From body to element: air, water, storm

After the stark image of the empty bed, the speaker offers replacements that are not objects but sensations: a delicate draught of air, ripples in the water. The mother won’t “hold” the child again; instead she will feel him as caress and motion—things that touch without being grasped. Even bathing becomes a scene of reunion: the child will kiss you and kiss you again, an insistence that intimacy will persist, just in a different medium.

The poem then moves into nighttime weather—gusty night, rain that patters, lightning through an open window. These are not gentle nursery images; they carry the sharpness and unpredictability of grief. But the speaker reclaims them as communication: whisper, laughter, a flash. The world’s noises become a new language the mother can learn to hear.

Sleep as the borderland where the child returns

Sleep is the poem’s most important meeting place. If the mother lies awake thinking till late into the night, the child will sing from the stars: Sleep, mother, sleep. It’s a reversal of roles—now the child is the one soothing the parent. Moonbeams steal over your bed, and the child lies on her bosom, recreating a posture of infancy while also making it ghostlike, made of light.

The most uncanny promise is becoming a dream and slipping through the little opening of your eyelids. The intimacy is almost invasive—love as entry into the mother’s inner life. Yet when she wakes startled, the child turns into a twinkling firefly and flees. The mother gets proof and then loses it instantly.
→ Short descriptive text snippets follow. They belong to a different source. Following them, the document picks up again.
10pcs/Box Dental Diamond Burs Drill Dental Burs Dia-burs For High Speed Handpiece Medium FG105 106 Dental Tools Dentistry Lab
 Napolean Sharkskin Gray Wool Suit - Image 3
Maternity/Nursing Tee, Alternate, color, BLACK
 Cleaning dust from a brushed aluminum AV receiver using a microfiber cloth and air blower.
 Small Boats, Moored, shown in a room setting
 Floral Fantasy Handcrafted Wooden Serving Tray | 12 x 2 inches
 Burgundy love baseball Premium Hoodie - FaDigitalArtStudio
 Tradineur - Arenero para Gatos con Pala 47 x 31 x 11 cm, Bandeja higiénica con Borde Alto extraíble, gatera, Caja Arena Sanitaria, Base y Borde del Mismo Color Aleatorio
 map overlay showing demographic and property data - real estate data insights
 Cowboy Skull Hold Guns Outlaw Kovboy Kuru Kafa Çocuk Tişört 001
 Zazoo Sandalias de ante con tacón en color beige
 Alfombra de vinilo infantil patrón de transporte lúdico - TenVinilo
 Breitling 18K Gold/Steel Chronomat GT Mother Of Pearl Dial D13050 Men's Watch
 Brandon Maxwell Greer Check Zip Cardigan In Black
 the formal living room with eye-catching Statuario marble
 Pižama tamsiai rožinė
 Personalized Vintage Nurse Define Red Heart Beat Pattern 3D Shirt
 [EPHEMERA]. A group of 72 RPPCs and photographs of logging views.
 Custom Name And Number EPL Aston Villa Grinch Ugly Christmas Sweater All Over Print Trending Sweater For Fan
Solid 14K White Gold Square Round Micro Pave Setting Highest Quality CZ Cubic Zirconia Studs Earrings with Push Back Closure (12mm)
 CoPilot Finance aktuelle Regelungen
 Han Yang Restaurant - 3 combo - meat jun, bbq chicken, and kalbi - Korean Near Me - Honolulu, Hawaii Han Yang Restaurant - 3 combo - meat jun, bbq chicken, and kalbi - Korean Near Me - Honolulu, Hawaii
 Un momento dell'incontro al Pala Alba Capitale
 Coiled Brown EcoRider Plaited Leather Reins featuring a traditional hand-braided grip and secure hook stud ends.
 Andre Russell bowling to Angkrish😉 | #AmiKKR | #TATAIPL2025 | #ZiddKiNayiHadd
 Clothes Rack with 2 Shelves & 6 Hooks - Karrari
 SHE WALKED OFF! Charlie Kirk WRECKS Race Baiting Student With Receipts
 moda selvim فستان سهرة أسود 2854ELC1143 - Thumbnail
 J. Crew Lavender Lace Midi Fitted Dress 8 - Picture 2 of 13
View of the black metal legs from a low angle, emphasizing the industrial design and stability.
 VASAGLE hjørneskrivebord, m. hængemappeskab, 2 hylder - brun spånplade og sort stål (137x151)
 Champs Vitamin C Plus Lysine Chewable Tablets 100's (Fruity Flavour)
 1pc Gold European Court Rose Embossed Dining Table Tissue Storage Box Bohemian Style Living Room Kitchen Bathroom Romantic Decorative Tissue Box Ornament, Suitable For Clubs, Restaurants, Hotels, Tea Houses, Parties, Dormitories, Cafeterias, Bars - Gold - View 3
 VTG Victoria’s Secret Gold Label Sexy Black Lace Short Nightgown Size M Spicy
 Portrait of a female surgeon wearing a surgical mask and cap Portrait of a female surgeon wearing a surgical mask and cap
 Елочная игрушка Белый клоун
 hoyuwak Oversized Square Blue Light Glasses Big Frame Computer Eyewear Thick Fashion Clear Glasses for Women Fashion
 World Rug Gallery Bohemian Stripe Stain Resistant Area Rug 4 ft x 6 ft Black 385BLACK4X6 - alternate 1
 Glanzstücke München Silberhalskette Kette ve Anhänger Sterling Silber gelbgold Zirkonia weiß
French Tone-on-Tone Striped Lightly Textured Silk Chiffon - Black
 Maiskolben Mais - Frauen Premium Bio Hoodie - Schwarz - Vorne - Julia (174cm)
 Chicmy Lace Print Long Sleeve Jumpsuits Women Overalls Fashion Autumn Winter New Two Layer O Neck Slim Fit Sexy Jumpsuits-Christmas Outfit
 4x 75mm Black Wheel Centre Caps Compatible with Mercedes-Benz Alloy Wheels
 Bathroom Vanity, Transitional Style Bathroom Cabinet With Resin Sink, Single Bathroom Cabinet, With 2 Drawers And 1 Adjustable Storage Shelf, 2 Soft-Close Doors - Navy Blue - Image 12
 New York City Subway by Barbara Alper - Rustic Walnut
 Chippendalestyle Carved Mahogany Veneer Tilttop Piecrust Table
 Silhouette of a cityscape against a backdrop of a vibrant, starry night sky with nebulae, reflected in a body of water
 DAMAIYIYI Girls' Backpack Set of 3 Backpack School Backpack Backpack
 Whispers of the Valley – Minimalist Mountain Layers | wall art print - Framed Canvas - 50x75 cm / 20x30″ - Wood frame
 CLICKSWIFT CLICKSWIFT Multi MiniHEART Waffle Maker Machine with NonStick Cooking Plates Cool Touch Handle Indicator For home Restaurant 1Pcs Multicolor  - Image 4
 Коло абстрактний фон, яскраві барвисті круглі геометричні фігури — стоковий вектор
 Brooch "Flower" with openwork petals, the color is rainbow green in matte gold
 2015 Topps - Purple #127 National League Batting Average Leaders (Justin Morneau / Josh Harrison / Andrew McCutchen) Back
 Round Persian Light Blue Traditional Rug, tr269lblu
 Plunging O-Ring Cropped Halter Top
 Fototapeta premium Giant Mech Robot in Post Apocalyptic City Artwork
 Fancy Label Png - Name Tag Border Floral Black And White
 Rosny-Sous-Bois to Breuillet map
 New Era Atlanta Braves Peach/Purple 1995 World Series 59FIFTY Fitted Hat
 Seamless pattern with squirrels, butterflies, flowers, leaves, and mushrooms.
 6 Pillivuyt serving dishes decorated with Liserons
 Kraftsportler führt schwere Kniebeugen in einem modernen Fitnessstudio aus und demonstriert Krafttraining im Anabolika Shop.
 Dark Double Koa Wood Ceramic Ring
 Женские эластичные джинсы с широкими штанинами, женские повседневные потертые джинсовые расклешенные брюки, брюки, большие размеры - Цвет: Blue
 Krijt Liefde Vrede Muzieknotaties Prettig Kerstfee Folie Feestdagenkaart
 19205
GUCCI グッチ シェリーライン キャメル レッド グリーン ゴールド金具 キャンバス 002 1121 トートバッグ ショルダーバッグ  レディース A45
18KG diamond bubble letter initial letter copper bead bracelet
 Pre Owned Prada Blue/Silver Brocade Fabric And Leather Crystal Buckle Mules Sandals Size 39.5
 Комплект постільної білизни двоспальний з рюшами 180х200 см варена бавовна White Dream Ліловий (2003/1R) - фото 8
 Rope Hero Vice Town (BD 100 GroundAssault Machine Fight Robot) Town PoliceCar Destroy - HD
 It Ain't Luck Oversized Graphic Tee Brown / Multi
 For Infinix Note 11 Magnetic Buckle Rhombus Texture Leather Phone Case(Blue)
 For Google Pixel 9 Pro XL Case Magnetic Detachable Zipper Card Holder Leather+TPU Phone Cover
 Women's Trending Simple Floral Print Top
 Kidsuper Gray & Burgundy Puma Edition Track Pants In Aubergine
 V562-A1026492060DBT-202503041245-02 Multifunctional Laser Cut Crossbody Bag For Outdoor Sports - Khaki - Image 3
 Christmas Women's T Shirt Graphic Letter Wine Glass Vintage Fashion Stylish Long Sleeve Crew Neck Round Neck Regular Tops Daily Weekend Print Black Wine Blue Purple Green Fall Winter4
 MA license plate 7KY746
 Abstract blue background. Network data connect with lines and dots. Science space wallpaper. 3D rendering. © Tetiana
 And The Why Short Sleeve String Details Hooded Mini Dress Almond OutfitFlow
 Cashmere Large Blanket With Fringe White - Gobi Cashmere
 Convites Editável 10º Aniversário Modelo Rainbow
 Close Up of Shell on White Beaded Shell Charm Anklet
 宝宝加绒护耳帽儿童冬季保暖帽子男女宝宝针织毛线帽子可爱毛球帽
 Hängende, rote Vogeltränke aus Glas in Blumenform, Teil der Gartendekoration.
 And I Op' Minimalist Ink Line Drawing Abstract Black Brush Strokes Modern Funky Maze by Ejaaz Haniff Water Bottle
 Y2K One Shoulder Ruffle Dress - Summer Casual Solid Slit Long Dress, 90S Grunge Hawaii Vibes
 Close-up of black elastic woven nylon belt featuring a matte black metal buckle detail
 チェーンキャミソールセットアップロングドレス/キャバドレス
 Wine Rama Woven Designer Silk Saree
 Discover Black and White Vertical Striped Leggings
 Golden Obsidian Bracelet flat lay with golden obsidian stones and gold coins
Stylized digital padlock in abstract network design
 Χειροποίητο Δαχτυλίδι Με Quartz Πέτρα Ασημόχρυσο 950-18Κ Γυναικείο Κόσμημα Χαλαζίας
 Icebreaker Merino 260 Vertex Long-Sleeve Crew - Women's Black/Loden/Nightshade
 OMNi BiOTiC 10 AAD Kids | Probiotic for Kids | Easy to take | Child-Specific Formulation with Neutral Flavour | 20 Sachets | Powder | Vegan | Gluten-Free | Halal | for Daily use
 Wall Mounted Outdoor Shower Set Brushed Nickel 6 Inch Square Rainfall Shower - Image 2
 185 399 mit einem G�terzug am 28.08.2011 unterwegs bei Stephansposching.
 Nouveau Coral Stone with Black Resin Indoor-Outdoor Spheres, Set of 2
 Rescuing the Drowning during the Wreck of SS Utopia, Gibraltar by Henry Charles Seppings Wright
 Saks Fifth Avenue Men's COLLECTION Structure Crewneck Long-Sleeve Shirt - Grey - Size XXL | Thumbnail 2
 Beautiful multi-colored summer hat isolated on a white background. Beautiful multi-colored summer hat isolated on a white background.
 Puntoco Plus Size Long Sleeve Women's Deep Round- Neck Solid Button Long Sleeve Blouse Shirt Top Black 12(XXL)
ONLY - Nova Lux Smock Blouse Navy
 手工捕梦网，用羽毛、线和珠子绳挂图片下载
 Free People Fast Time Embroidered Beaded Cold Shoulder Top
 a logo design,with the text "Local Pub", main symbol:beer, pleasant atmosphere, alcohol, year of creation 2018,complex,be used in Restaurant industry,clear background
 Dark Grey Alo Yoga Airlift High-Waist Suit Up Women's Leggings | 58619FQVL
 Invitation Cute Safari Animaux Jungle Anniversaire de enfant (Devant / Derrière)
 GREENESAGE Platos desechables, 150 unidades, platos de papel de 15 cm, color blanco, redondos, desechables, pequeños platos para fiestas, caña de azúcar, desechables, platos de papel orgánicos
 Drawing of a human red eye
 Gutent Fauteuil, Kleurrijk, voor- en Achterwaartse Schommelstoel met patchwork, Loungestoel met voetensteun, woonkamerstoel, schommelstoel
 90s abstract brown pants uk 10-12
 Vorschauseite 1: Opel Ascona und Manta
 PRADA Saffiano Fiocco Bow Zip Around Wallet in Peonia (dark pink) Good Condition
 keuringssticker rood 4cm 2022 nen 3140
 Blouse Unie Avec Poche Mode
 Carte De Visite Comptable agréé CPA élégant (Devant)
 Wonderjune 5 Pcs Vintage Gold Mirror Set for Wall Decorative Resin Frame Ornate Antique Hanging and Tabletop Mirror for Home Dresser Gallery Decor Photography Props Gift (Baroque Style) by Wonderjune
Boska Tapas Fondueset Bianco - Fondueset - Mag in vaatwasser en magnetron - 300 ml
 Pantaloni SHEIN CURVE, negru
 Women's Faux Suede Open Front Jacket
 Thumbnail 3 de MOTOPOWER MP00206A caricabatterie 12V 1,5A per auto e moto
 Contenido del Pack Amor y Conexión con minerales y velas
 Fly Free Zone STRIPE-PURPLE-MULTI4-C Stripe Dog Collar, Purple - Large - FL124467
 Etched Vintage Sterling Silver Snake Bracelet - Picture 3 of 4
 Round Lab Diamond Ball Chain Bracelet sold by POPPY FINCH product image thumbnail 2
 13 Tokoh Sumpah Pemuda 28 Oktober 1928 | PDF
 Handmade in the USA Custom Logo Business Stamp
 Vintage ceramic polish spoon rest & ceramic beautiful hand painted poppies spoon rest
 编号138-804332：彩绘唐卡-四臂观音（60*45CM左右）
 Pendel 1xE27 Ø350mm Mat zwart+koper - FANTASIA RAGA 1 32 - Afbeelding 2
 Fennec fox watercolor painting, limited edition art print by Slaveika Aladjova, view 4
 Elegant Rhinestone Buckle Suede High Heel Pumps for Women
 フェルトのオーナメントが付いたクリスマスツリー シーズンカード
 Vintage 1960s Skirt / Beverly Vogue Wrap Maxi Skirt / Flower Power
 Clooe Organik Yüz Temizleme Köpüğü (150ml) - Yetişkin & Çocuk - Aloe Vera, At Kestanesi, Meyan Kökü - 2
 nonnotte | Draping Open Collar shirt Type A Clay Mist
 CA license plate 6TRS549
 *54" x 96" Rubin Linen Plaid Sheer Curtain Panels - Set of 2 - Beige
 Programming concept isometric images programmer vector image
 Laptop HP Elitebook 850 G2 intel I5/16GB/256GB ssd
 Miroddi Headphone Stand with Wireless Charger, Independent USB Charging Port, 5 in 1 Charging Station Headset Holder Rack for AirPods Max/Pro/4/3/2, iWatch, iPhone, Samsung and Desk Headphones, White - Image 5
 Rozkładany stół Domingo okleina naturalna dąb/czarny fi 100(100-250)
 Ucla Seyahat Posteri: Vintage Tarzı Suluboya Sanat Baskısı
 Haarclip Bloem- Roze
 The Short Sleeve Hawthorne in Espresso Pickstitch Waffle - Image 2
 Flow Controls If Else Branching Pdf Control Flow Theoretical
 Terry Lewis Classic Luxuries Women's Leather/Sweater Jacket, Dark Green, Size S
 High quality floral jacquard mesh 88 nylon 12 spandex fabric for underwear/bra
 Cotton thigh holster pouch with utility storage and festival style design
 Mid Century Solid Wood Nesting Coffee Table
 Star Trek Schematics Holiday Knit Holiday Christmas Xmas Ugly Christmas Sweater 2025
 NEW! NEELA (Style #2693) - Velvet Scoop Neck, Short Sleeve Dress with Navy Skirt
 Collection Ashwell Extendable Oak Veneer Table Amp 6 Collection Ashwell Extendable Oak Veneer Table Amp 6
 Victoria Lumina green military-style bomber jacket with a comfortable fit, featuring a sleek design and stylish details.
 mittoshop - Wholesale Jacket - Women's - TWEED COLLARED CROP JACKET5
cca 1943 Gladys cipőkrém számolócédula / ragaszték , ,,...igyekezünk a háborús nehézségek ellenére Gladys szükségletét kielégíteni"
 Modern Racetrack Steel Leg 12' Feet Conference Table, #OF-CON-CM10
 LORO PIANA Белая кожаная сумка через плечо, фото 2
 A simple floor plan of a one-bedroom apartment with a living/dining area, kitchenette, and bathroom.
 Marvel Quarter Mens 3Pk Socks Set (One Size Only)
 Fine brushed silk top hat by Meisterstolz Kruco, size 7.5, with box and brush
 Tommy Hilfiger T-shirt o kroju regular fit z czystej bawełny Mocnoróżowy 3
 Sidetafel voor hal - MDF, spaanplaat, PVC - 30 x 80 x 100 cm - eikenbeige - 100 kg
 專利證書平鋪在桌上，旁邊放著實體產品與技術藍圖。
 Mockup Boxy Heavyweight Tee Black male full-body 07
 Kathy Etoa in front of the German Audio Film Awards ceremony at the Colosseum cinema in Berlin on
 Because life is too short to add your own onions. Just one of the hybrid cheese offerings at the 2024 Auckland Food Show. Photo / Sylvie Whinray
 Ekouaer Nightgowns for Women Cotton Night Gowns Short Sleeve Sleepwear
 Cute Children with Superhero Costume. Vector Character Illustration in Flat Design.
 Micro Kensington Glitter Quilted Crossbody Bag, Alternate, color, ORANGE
That quick vanishing captures the real emotional rhythm of mourning: moments of vivid presence followed by abrupt absence.

Two readings: a child’s game, or a child’s death

On a surface level, the poem can be read as a child imagining a playful kind of disappearance—going out into dawn and night, becoming breeze and firefly, returning as song and dream. The mother’s reaching arms, the talk of baby, and the sing-song comfort of Sleep, mother, sleep can feel like an elaborate bedtime fantasy meant to keep a parent from worrying.

But the title The End, along with the emphasis on the empty bed and the mother’s ongoing search, invites a deeper reading: the child is leaving life. The speaker doesn’t describe an adventure with a destination; he describes diffusion into air, water, lightning, and music—forms that suggest a spirit rather than a traveler. Even the festival scene—the great festival of Puja—sharpens this: a day of communal joy when absence would hurt most. The child’s answer is not, “I’ll be back,” but “I’ll be inside what you hear and feel.”

The final turn: the mother learns a new way to see

The poem’s quiet turn comes when someone else enters: Dear auntie asking, Where is our baby? For most of the poem, the child speaks; now the mother speaks, and her response shows that she has absorbed the child’s lesson. She says he is in the pupils of my eyes, and then pushes further: he is my body and my soul. The image is startlingly literal—pupils are where sight happens—so the child becomes the condition of seeing itself. He is not only remembered; he is built into her perception and identity.

That ending doesn’t erase grief; it relocates it. The mother doesn’t claim the baby is safe somewhere else. She claims he has become inseparable from her—an inward haunting that is also love’s strongest form.

A sharper question the poem leaves behind

If the child is truly everywhere—breeze, rain, moonbeam, flute—then the mother can never fully “close” the loss. Is this consolation, or a gentler kind of captivity? The poem seems to risk that question on purpose, because its comfort depends on the same thing grief depends on: the refusal to let the beloved be simply gone.